The Walking Boat trips up!

Credit: Dylan Woolf
Time and tide wait for no man - and the creator of the capital’s first walking boat was no exception today.

Andrew Baldwin’s Walking Boat, a massive 40 foot, 20 ton salvage-built seafaring vessel, drew a huge crowd to the Thames foreshore to watch the red and white barge, turned work of art, walk its way out of the water using kinetic powered metal ‘feet’ . But the turning tide and the shelved shore outside the Tate halted the boat right on the edge of the water. The cogs turned and the levers raised and lowered, but the Walking Boat could only move a few feet and wasn’t able pull its full weight onto the beach.

Credit: Willem van de Horst
The mechanical wonder made four strenuous attempts to defeat the pull of the tide.
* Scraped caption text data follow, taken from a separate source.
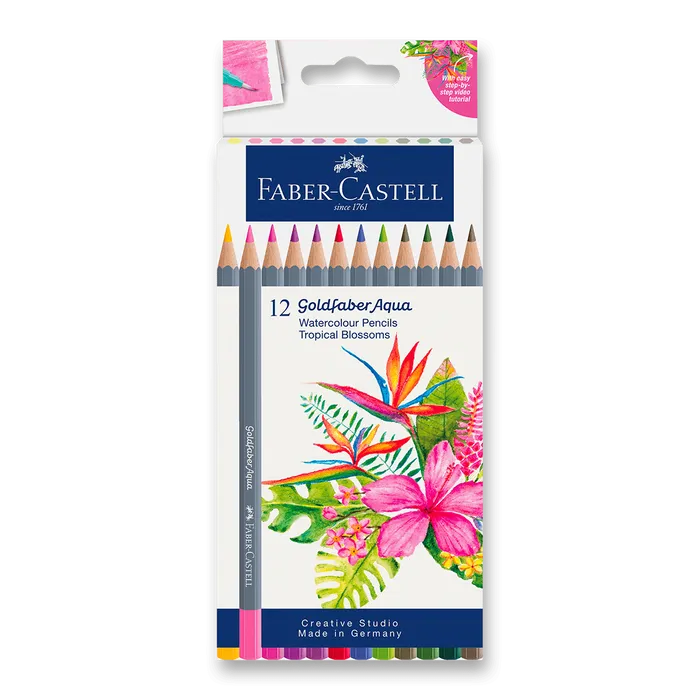 Główne zdjęcie produktu Pastelky Faber-Castell Goldfaber Aqua Tropical Blossoms [12 ks]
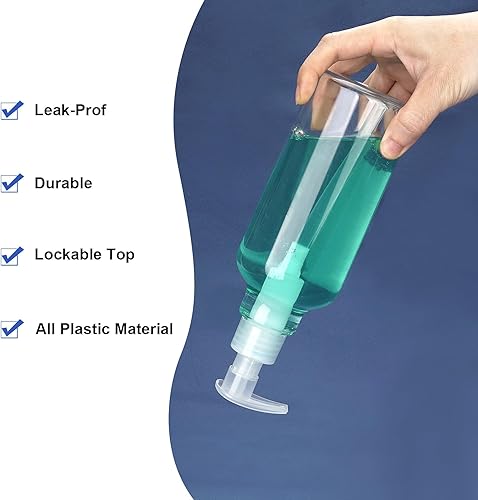 Miniatura 3 de Dispensador de jabón de plástico, botellas vacías de 16.9 onzas, paquete de 2 botellas de jabón líquido recargables con bomba a prueba de fugas para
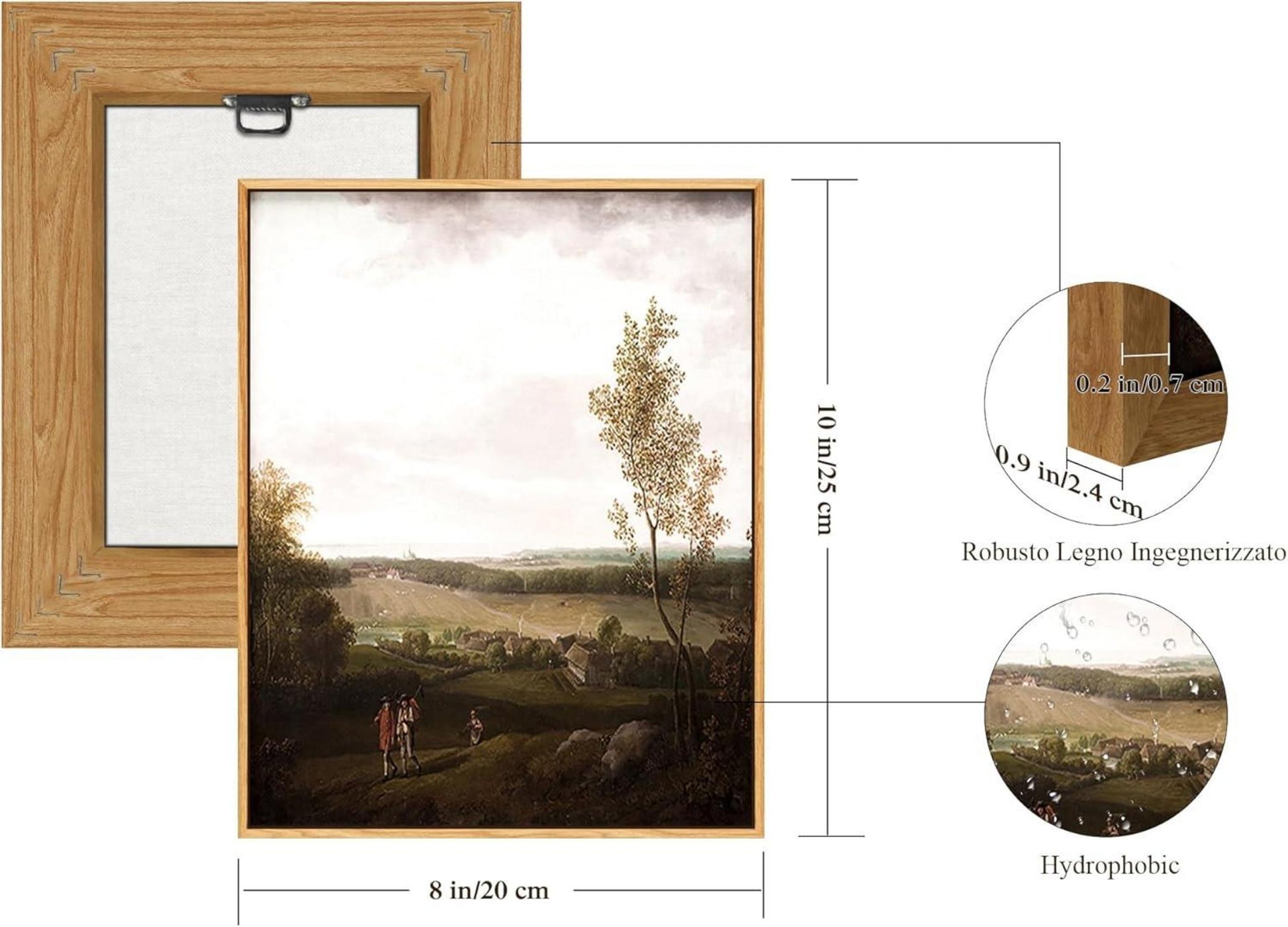 Vintage Leinwand Bilder Natur Landschaft Holzrahmen 20x25 cm Wanddeko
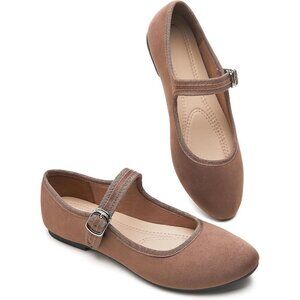 Babudog Womens Brown Faux Suede Rounded Toe Ankle Strap With Buckle Flats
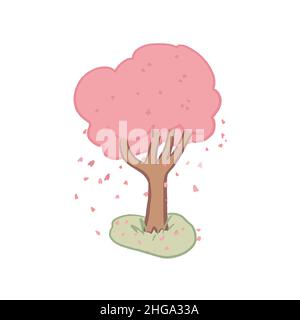 Abbildung eines von Hand gezeichneten isolierten rosa Sakura-Baumes Stock Vektor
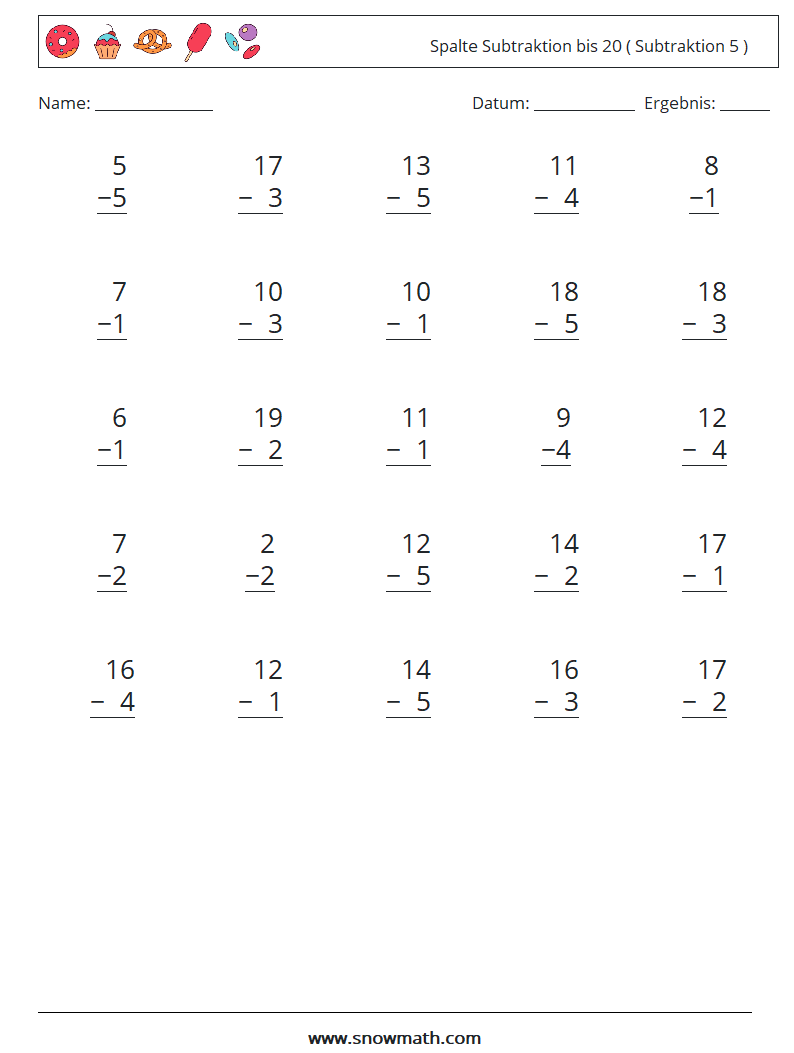 (25) Spalte Subtraktion bis 20 ( Subtraktion 5 ) Mathe-Arbeitsblätter 17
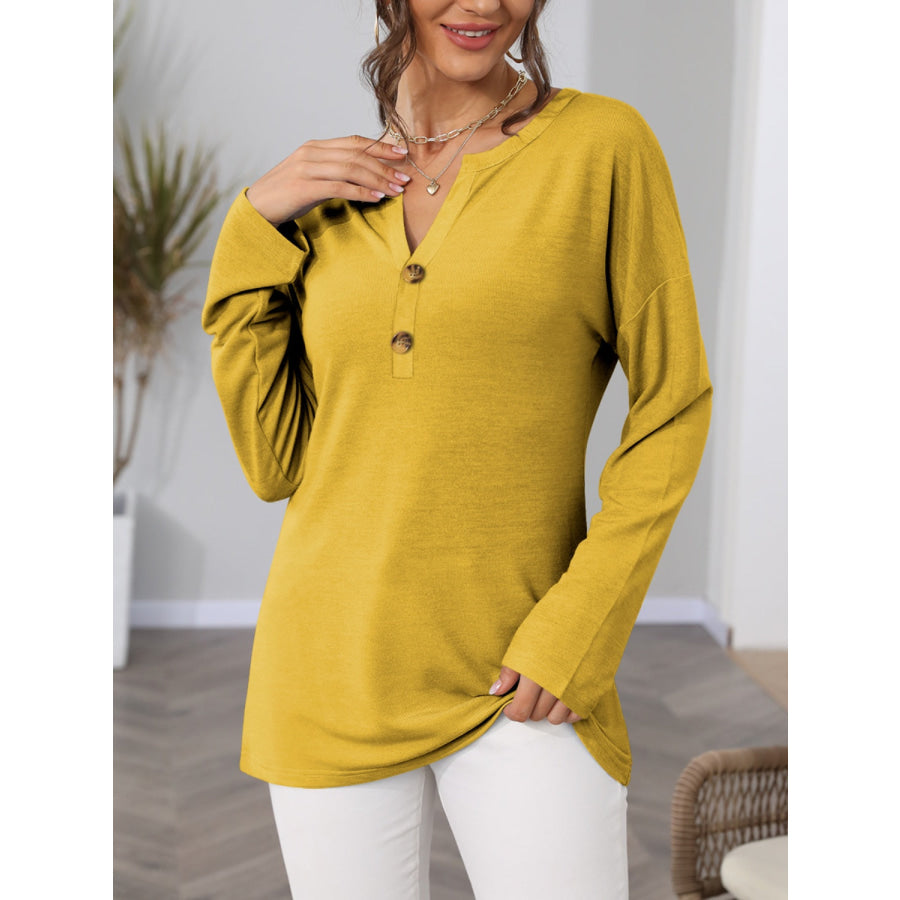 Notched Long Sleeve T-Shirt Mustard / S Apparel and Accessories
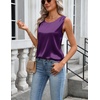 Zeagoo Womens Satin Tank Top Pleated Shoulder Sleeveless Blouse Round Neck Dressy Business Casual Work Office Summer Top(Purple)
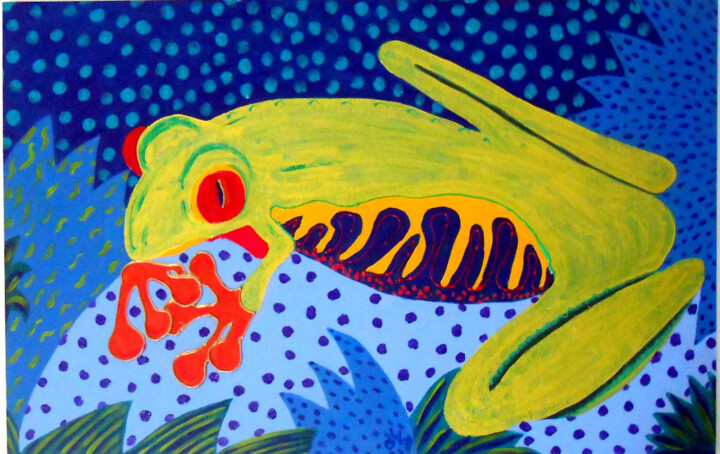 tableau art singulier "grenouille verte " Pop couleurs 绘画, 17.7x27.6 in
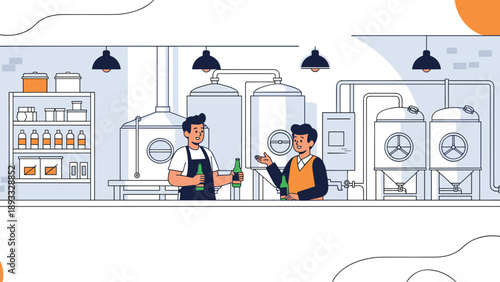 Two brewery workers discussing production while holding beer bottles in a modern craft brewery facility with tanks.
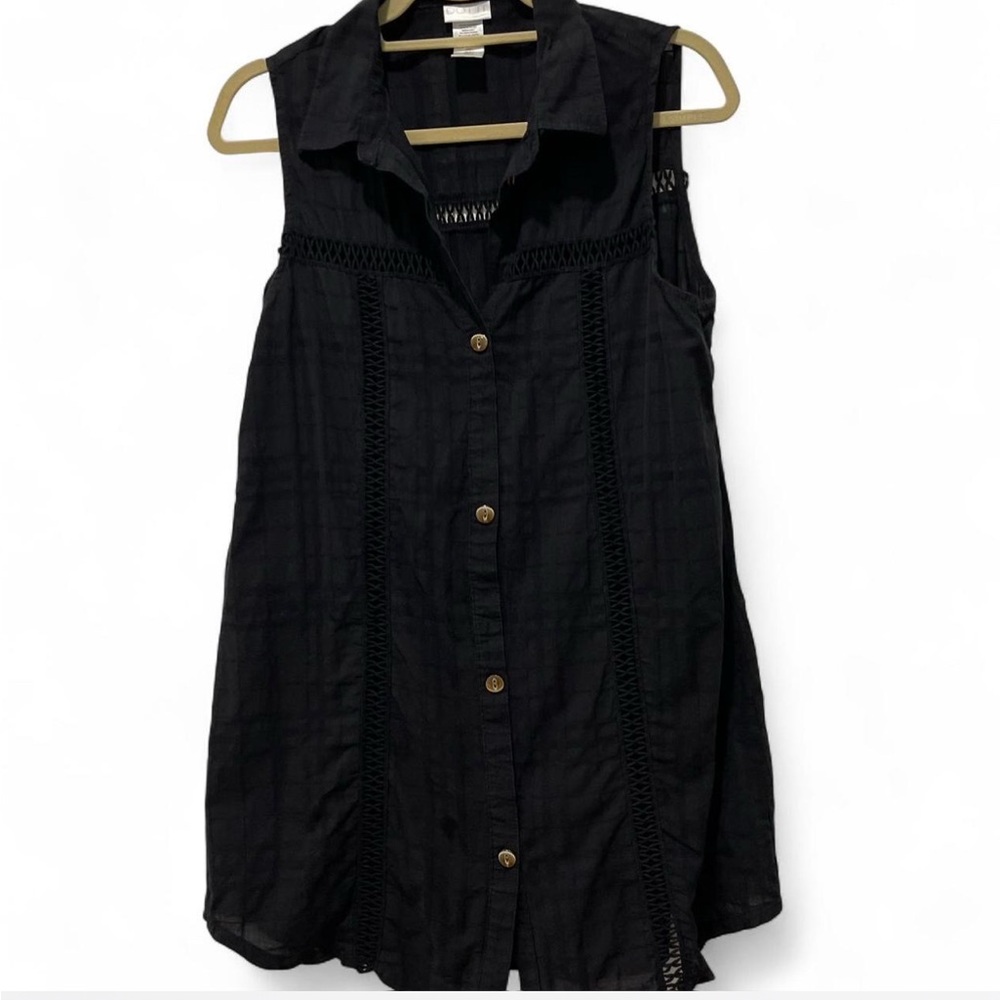 Womens Dotti shirt dress black cover up size M - NWOT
Hundreds of people on the bank and looking out from the balconies of Tate Modern willed the artist Andrew Baldwin and his intricately handcrafted vessel forward, but the boat took its first movements, only to be driven back. The frustration for the artist was palpable – his two years building the mechanism, and a smooth sail from Sandwich up the Thames to East London had resulted in a perfect trial run. But today’s audience outside Tate Modern was to be disappointed.

Credit: Willem van de Horst
Tomorrow the Boat Will Walk – at Trinity Buoy Wharf in East London where the Walking Boat’s successful trial run took place.

Thanks to Willem van de Horst for his photographs of the attempted landing on Flickr

1 comment:

  1. Well done for getting so close, Andrew! It's a masively successful feat of engineering, and only by making trials under varying conditions like this can anyone be expected to perfect any prototype. Good luck with today's march!